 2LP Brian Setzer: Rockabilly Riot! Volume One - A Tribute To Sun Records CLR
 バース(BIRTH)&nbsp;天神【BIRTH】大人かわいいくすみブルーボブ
◆ ◆ ◆ ◆ ◆
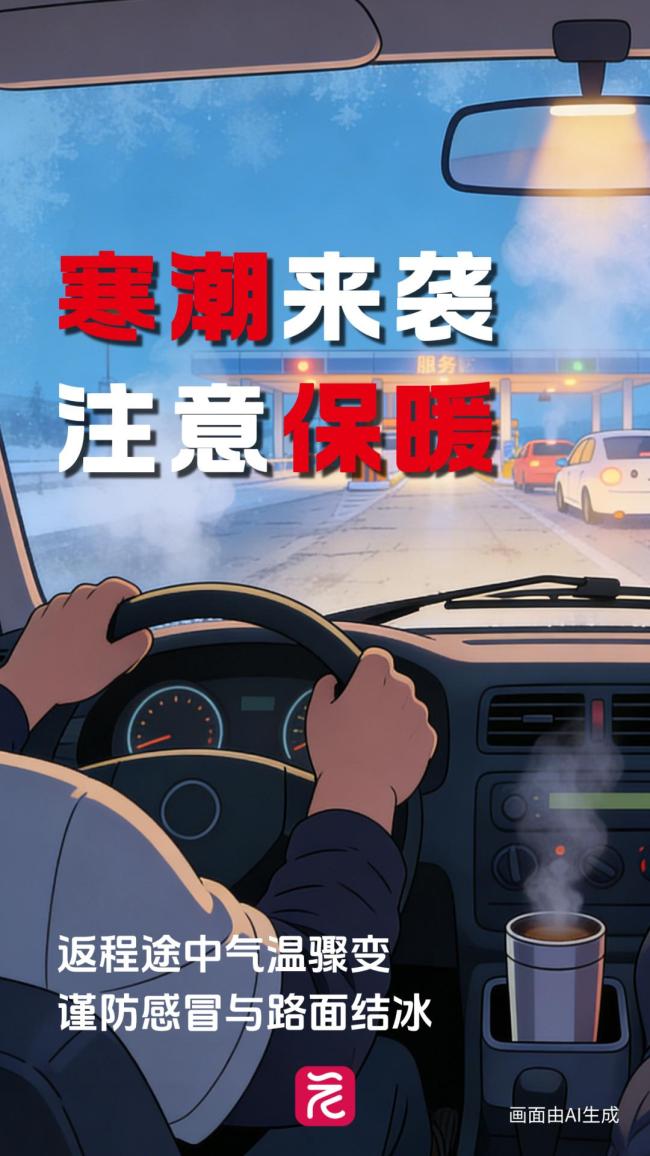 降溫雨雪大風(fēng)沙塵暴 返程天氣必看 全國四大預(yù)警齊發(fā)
◆ ◆ ◆ ◆ ◆
▶ THE TASK: Using the listing above, copy exactly the line that contains "2LP Brian Setzer: Rockabilly", the line that contains "バース(BIRTH)&nbsp;天神【BIRTH】大人かわいいくすみブルーボブ", and each line that falls between them.

▶ EXPECTED OUTPUT:
 2LP Brian Setzer: Rockabilly Riot! Volume One - A Tribute To Sun Records CLR
 バース(BIRTH)&nbsp;天神【BIRTH】大人かわいいくすみブルーボブ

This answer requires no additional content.